Council is out of touch with what students want: So said the two Executives, and a referendum on tuition almost, sort of agreed with them. On the other hand, another pair of referendum questions almost removed Blake and Tim from office, so who is to say?


About that referendum: Well, about the elections in general. This year the AMS went totally electronic again, and somebody hacked the election, casting 731 fraudulent votes. The hackers didn't alter the Executive results, but did change who one of the elected Senators was and affected the results of the vote on whether the AMS should lobby to reduce tuition fees in such a way that it was impossible to determine whether it had passed or not.
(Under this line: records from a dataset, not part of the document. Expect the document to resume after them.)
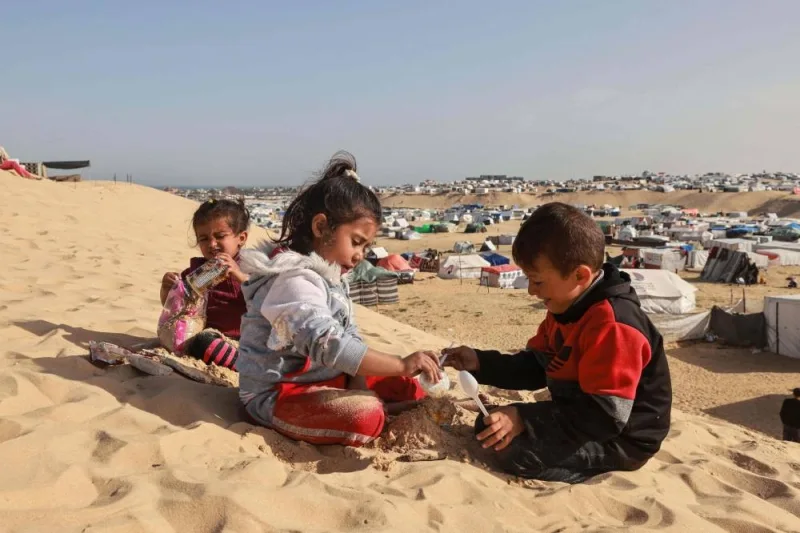 Palestinian children play on a sand dune overlooking a camp for displaced people in Rafah in the southern Gaza Strip on Sunday. AFP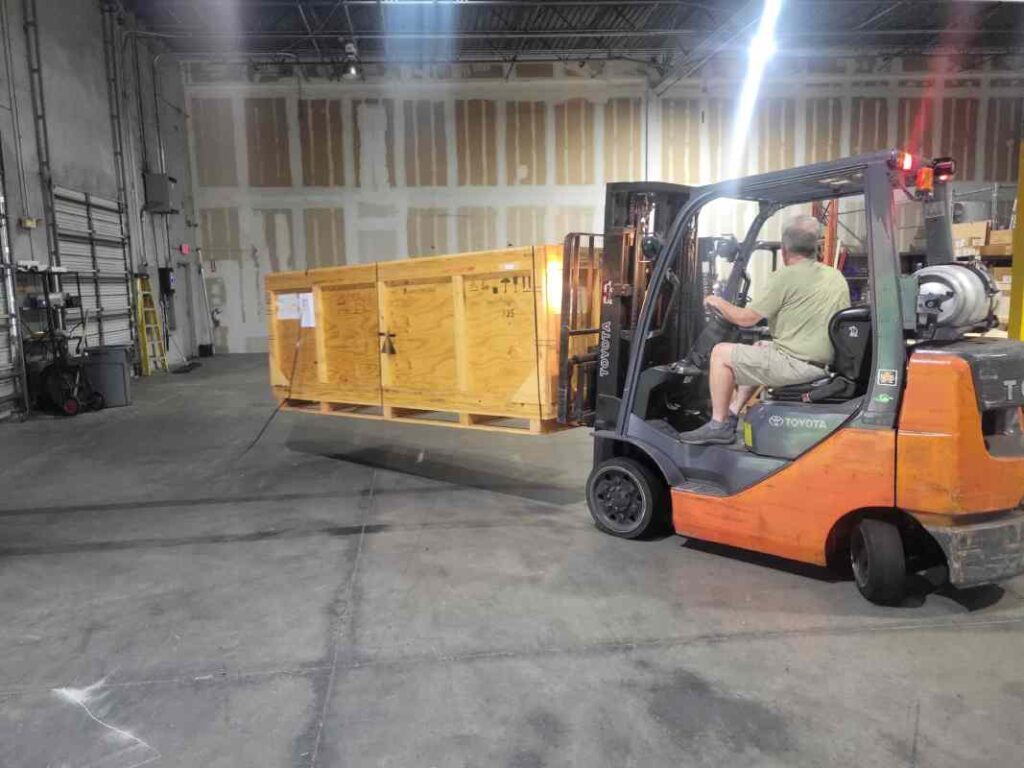Forklift operator repositioning large wooden crate for reload onto trailer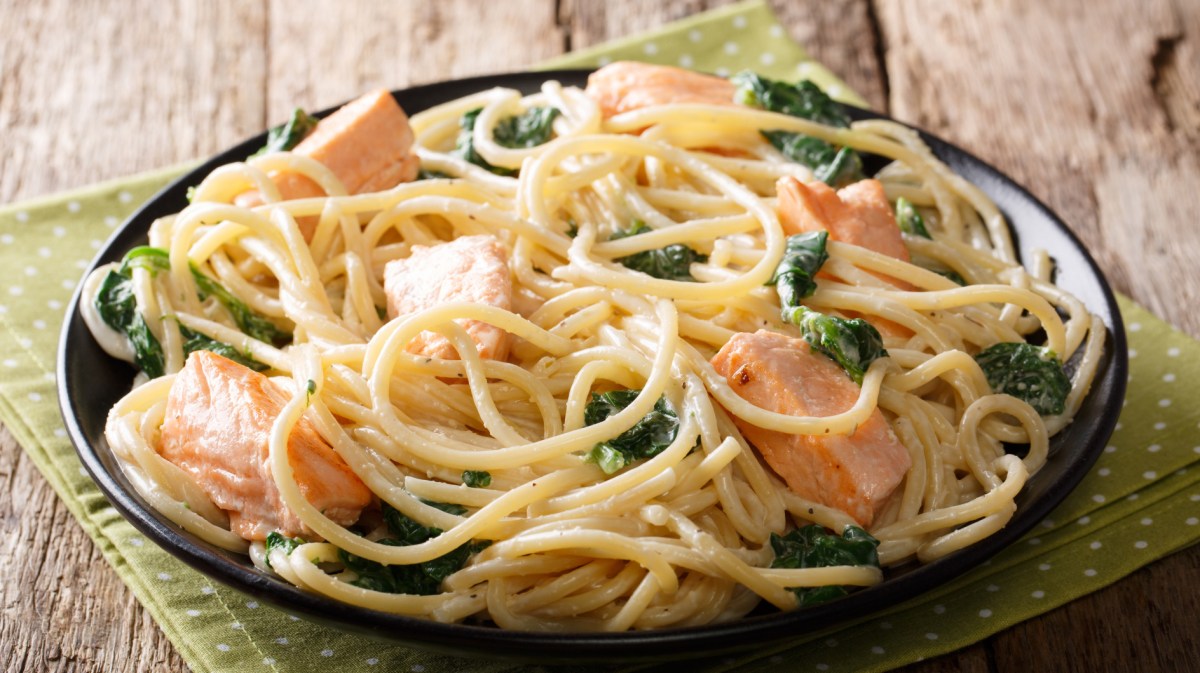 Spaghetti mit Lachs und Spinat in einer schwarzen Schüssel.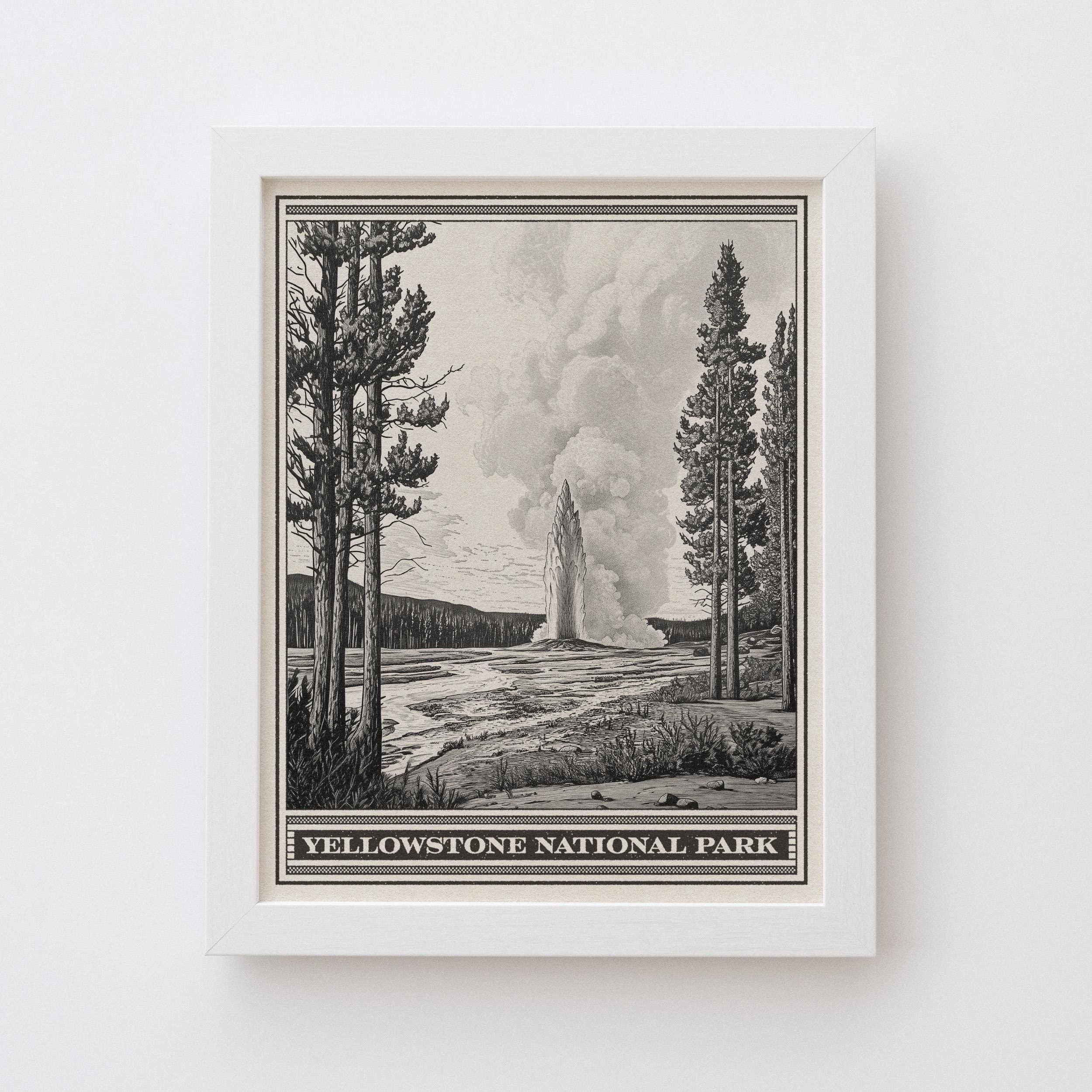 Framed black and white print of Yellowstone National Park with trees and a geyser.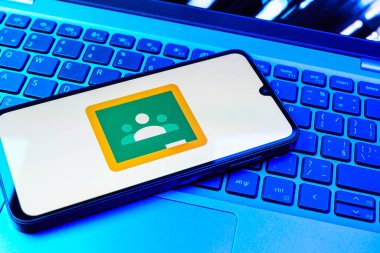 Prag, Çek Cumhuriyeti - 08 01 2025: Dizüstü bilgisayarda bulunan bir cep telefonu Google Sınıfı logosunu görüntüler. Google Sınıfı, sınıfları ve eğitim içeriğini yönetmek için bir platformdur.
So it became the only referendum in AMS history whose result was never known.

2010-11
Reduce tuition?
Another referendum passed, this one initiated by members of the Social Justice Centre (the last bastion of activism within the AMS, apparently): to have the AMS lobby to reduce tuition. In response, Council amended its tuition policy to call for a tuition reduction when possible, but AMS lobbying in this period was focused more on …

Land use: Gage South was the battleground, the area south of the Gage residences, next to the SUB and MacInnes Field. We can use that for market housing, said the University. No, you shouldn't, said the AMS, so the University agreed to think again.

[There was another successful referendum calling for the AMS to lobby to reduce tuition in 2013-14.]

2014-15
Protest!
Maybe activism wasn't dead after all. First, some UBC students demonstrated in support of the Hong Kong pro-democracy protesters. But that was nothing compared to the furor that erupted when the University announced increases in tuition and residence fees. A new group was formed: I Am a Student. They sported red squares, emulating protesters in Quebec, and organized opposition. There was a teach-in. There was quorum at an AMS Annual General Meeting for the first time in nearly 40 years, and motions were passed opposing the increases and calling on the AMS to continue protesting until the increases were reversed. (But the increases went through and the protests faded away.)